En Villafranca vivió rodeado de ríos y montañas. “Mis primeros amigos fueron los pájaros y los árboles. Mis primeros confidentes fueron los ríos y la lluvia, y eso es determinante en la deuda que uno tiene con la memoria y con el lugar de la memoria, porque el lugar de la memoria es siempre el lugar de una fundación moral, y en ese territorio no había en mi infancia libros, no había bibliotecas, no había círculos intelectuales”, recuerda. Estamos en su casa, en el centro de Madrid, y por azares de la vida somos vecinos de trabajo. La vivienda, donde escribe y tiene su estudio para pintar y grabar, está llena de objetos, recuerdos de viajes, obra propia. Hemos quedado para hablar de ecología, de la naturaleza, pero la poesía inevitablemente se cuela en la conversación. Con Mestre, la charla es torrencial, como su poesía y su memoria. Había un poema de Jorge Teillier, recuerda, que dice: “Ya no hay lugar de regreso para aquellos que escuchamos algún día a un desconocido silbar en el bosque”.

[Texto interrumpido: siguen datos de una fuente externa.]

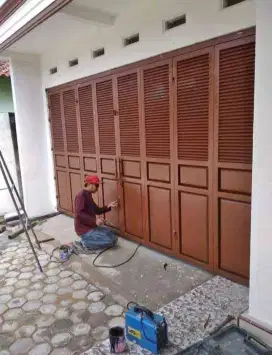 Pintu lipat garasi dan ruko bahan galvanis anti karat bergaransi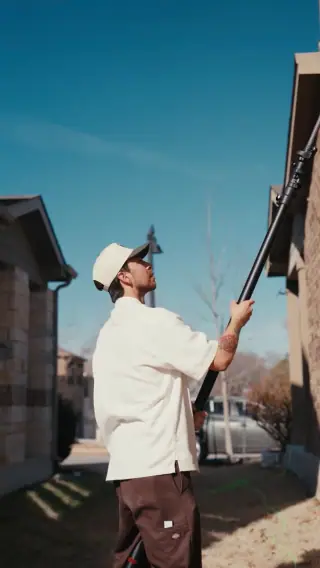 Crew member using an extension pole to clean upper exterior residential windows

Y en el bosque, el autor de La bicicleta del panadero encontró la ensoñación. “Del bosque llegaron los signos y las cifras de la existencia y, desde luego, la fascinación por el mundo de los pájaros, por la contemplación de las estrellas, por la exaltación sublimada de los dos pequeños ríos que abrazaban el pueblo de mi infancia. Ha sido determinante en mi manera de entender la vida y también la poesía, porque la poesía no es otra cosa que una extensión moral del lenguaje que da cuenta de la interioridad del ser”.

Aunque ha viajado por medio mundo y vivido en varios países, entre otros Chile, para Mestre, “la gravitación, la inmanencia y el reencuentro con la búsqueda de mi identidad han sido infinitamente superiores en los espacios naturales que en las grandes intemperies todavía no holladas por la voracidad de los mercaderes. Allí donde todavía palpita en su ingenuidad, uno escucha el gran pálpito de la tierra, donde la tierra es ingenua, y sin que esto signifique ninguna apología de lo primitivo, pero sí una defensa, una defensa de lo originario, en el lugar donde todavía reside la primera enseñanza del origen y, posiblemente también, las claves definitivas de nuestra sobrevivencia futura”.

Todo eso, los espacios naturales que nos recuerdan quienes somos, se están yendo al traste, ¿no? Vivimos una crisis ecológica global, pero no parece que estemos haciendo mucho para detenerla.

La destrucción del planeta, para decirlo sin eufemismo, es el resultado de la perversión de los sistemas económicos que cifran en la rentabilidad de la usura su único objetivo. El hiperconsumo occidental se ha convertido, como presagió en su día la lúcida cabeza de Pier Paolo Pasolini, en el nuevo fascismo, un sometimiento en términos absolutos a las necesidades que crea el mercado, el sojuzgamiento económico de los viejos sátrapas hoy sentados en los consejos de administración de las multinacionales, y, por qué no decirlo, con la complicidad invasiva de la propaganda publicitaria, esa infección retóricamente persuasiva de las renovadas dialécticas de la alienación.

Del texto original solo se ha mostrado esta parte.